**DATASET RECORDS**
* * * * *

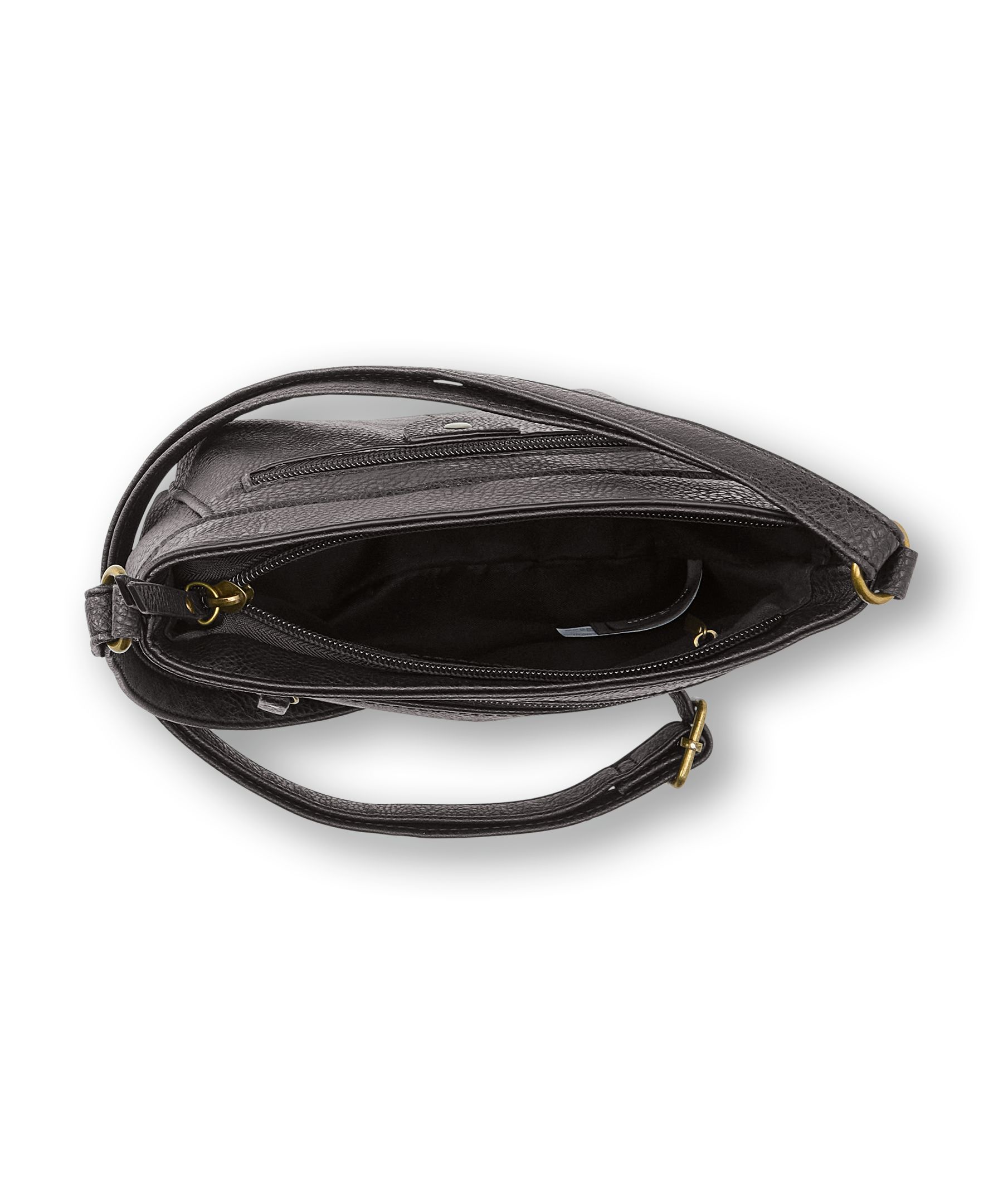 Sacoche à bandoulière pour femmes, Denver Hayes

* * * * *

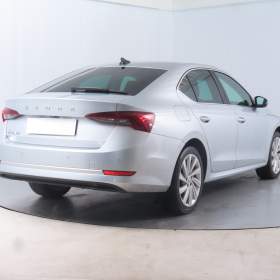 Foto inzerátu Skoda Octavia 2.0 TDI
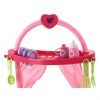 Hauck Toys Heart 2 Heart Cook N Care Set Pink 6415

* * * * *

**INSTRUCTIONS FOR THE TASK**
Of all the material above, only the lines from the one that has "Foto inzerátu Skoda Octavia 2.0 TDI" down to the one that has "Hauck Toys Heart" are to be written out, exactly and with both ends included. Pictures are skipped.

**SOLUTION TO THIS EXERCISE**
 Foto inzerátu Skoda Octavia 2.0 TDI
 Hauck Toys Heart 2 Heart Cook N Care Set Pink 6415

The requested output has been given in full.